Please repeat exactly the lines below from the line with "Original Original Bosch, Neff, Siemens" to the line with "Mary Miyabi (Cyberbots)", including both, and leave out every picture.
########
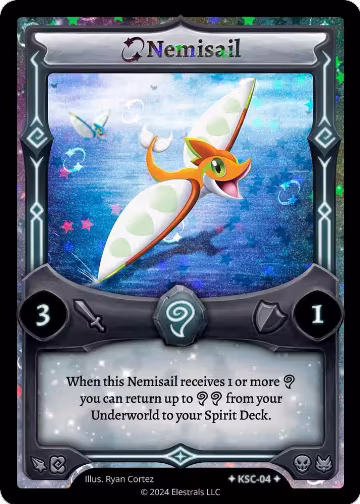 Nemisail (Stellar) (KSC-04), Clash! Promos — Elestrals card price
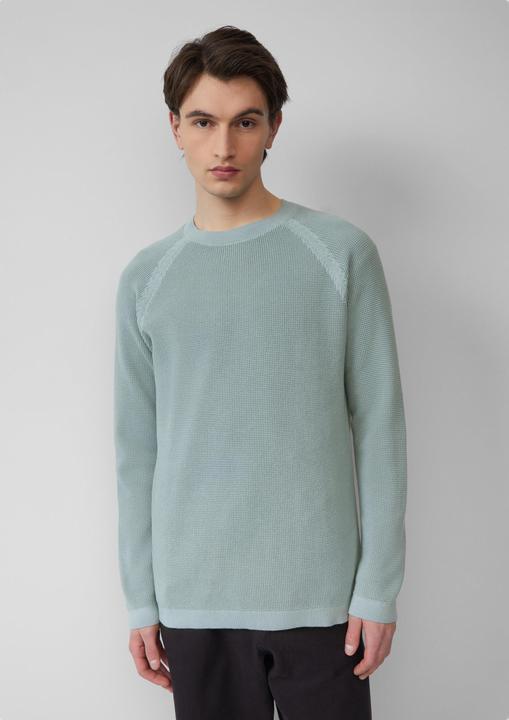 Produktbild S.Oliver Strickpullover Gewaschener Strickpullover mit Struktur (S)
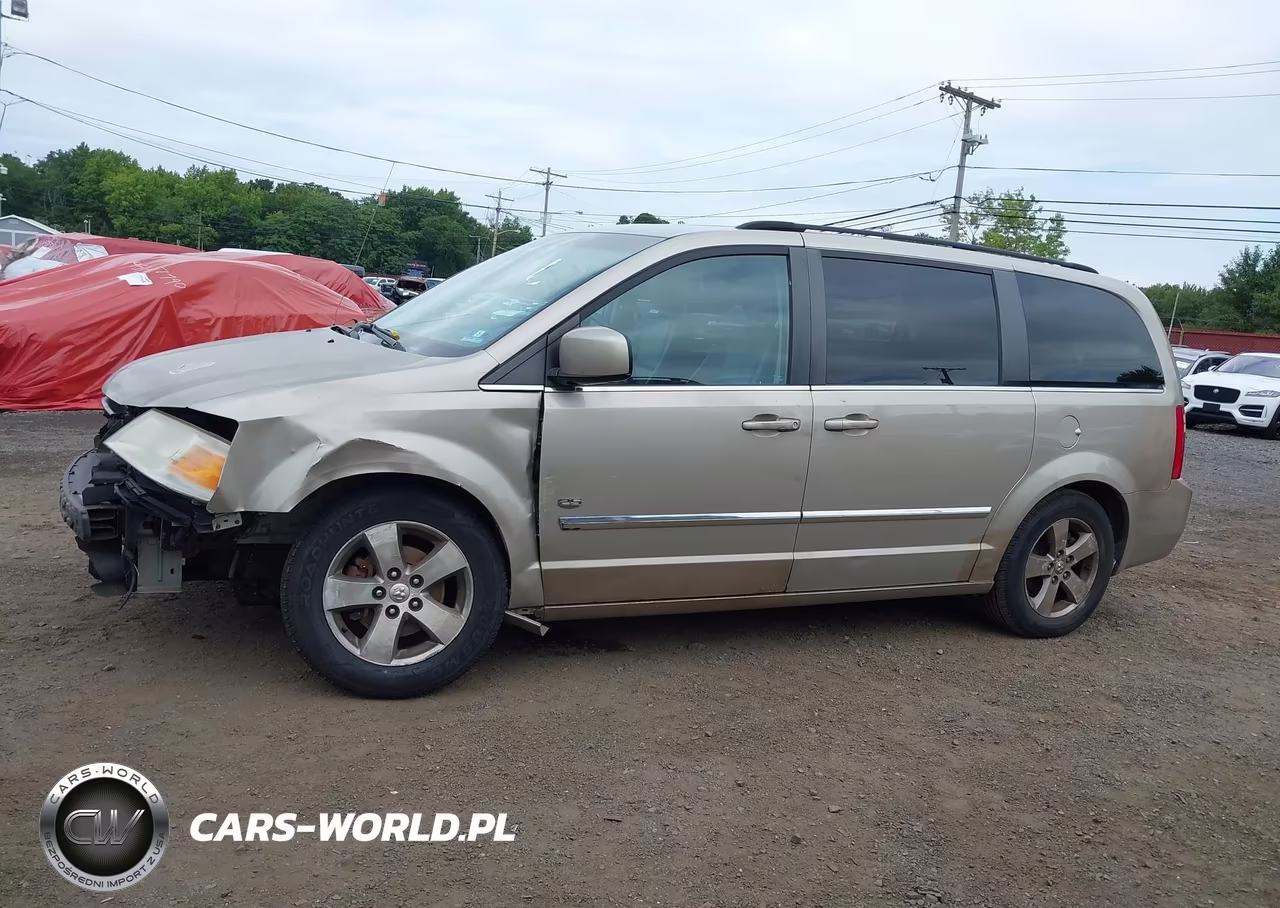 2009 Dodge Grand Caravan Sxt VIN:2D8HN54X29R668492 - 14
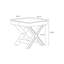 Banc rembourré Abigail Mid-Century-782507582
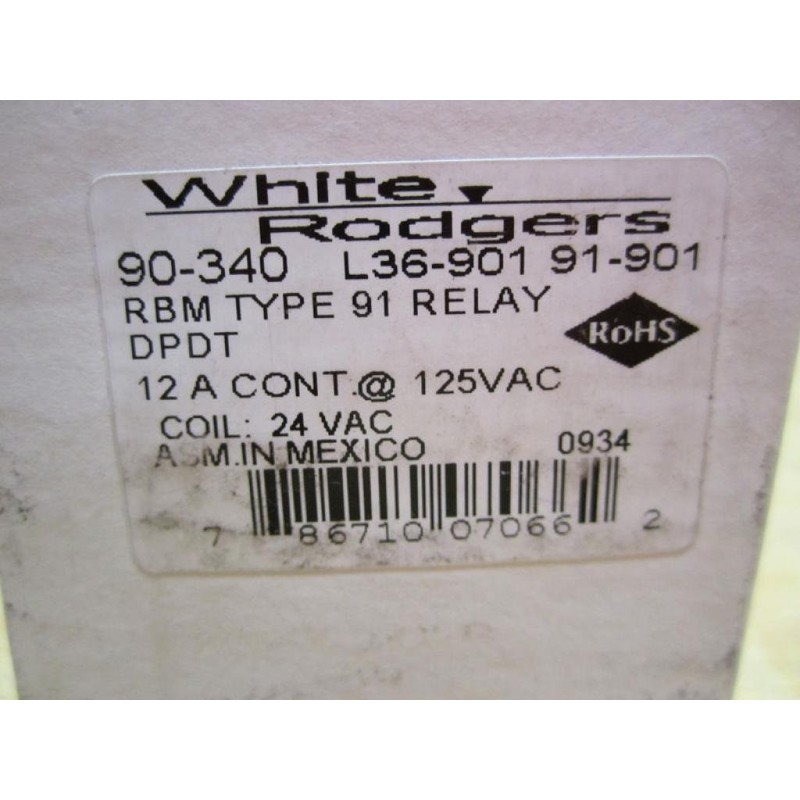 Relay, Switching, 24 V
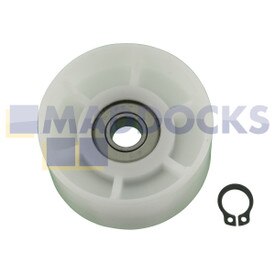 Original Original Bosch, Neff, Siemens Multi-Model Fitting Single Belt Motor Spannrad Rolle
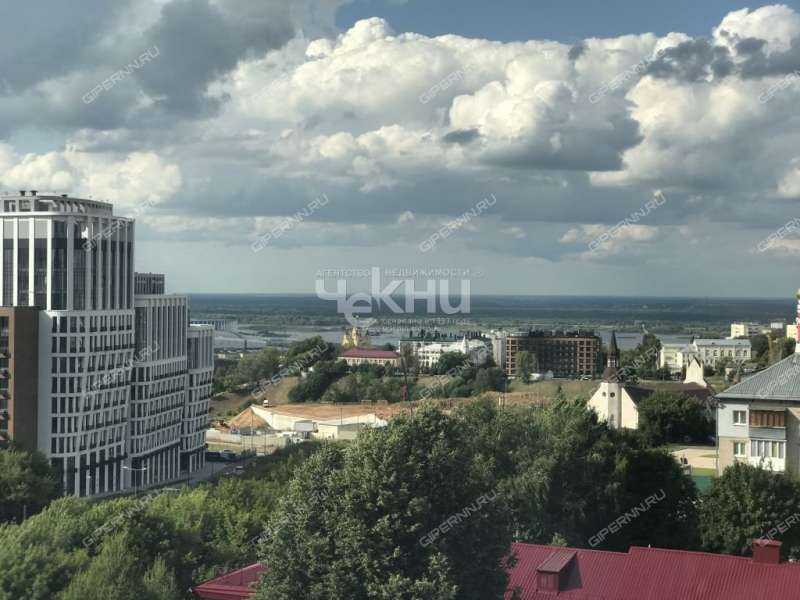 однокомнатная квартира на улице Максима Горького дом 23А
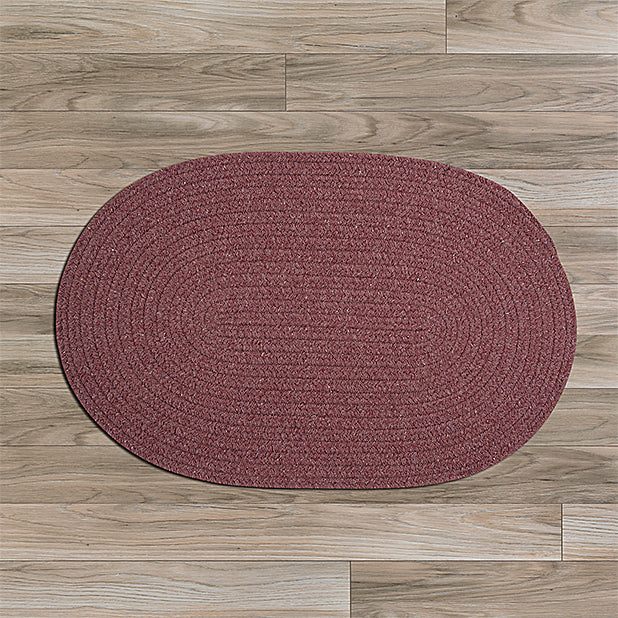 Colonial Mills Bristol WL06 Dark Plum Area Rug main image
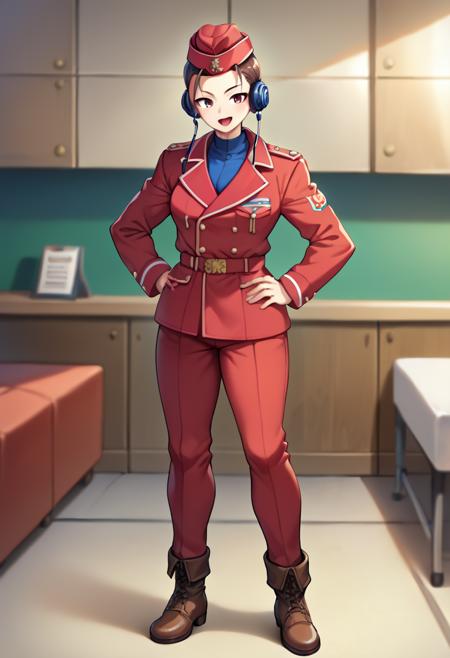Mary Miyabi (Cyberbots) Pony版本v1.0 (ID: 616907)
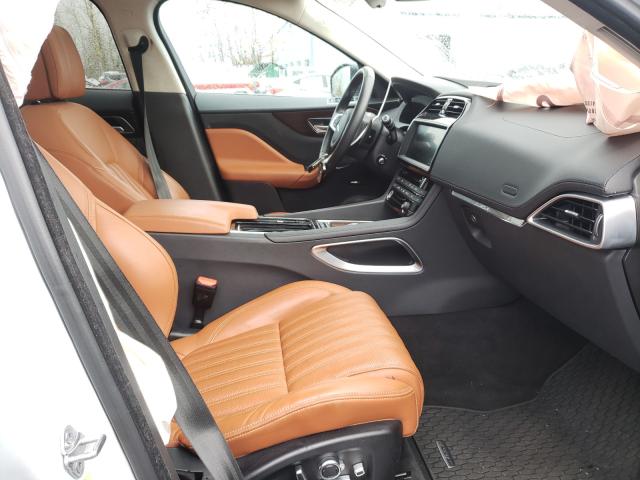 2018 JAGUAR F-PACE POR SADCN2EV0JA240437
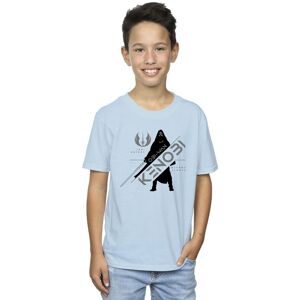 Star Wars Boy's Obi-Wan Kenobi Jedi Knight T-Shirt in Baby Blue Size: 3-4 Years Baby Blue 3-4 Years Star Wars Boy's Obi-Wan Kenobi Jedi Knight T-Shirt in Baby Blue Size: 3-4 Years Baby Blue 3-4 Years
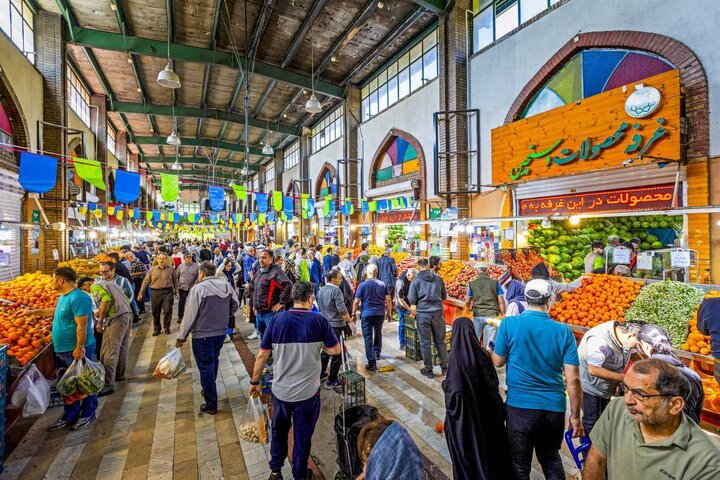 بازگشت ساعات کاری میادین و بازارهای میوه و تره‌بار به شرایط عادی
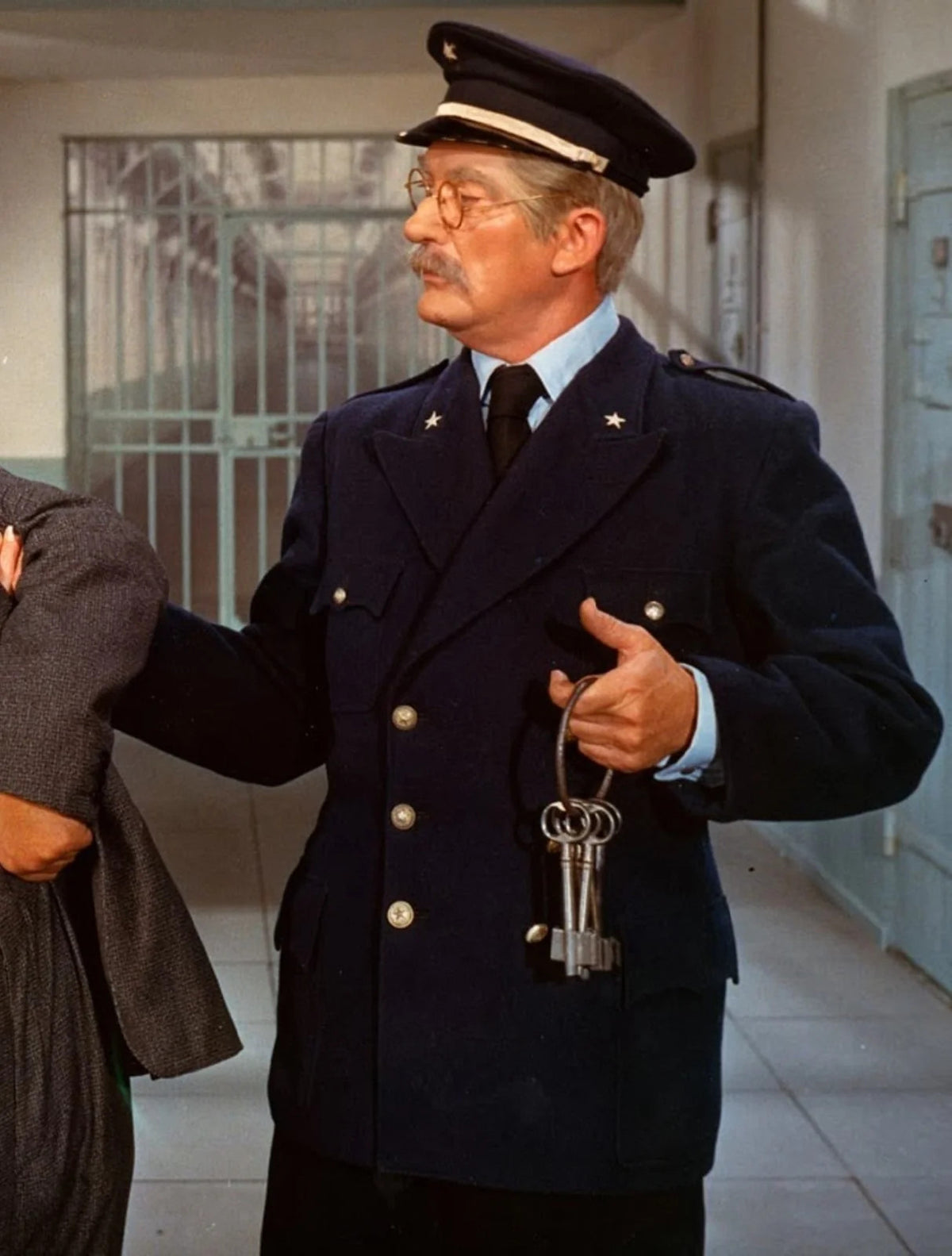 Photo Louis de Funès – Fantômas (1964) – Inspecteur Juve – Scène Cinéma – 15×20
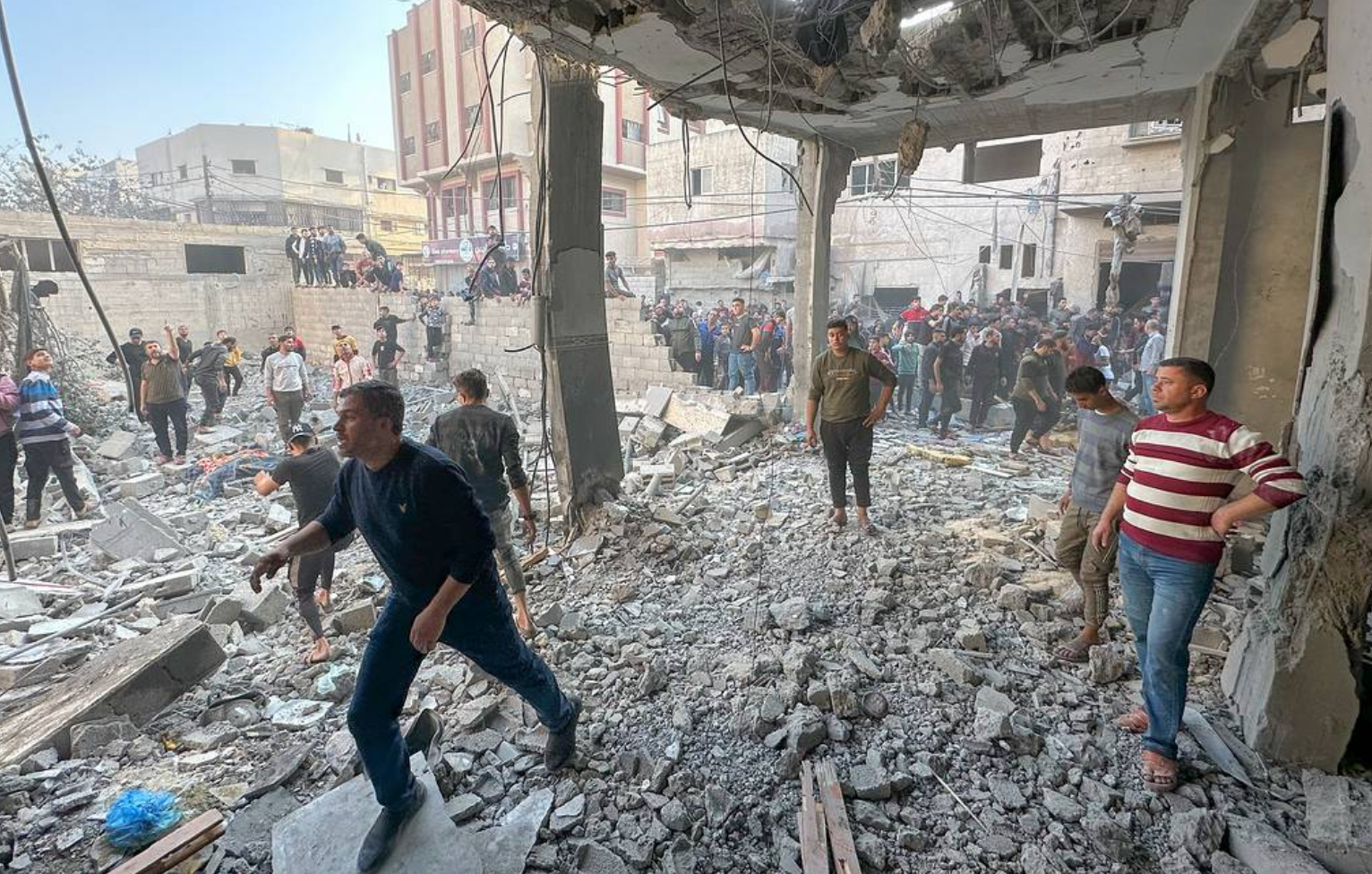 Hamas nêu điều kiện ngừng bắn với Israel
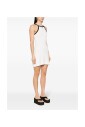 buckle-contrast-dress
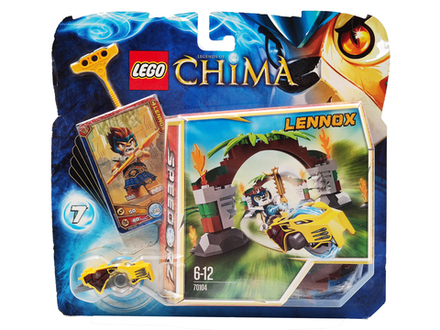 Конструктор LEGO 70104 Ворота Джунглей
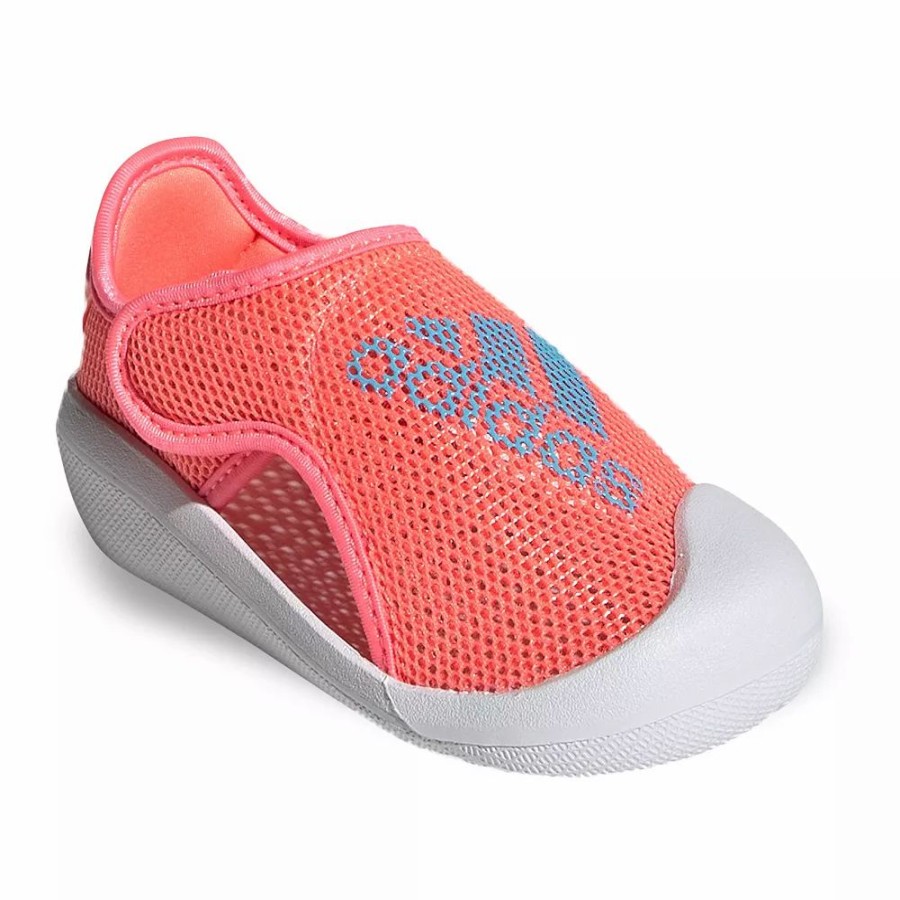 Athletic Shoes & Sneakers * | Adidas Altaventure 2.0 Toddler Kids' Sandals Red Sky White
########
— Answer below —
 Original Original Bosch, Neff, Siemens Multi-Model Fitting Single Belt Motor Spannrad Rolle
 однокомнатная квартира на улице Максима Горького дом 23А
 Colonial Mills Bristol WL06 Dark Plum Area Rug main image
Mary Miyabi (Cyberbots) Pony版本v1.0 (ID: 616907)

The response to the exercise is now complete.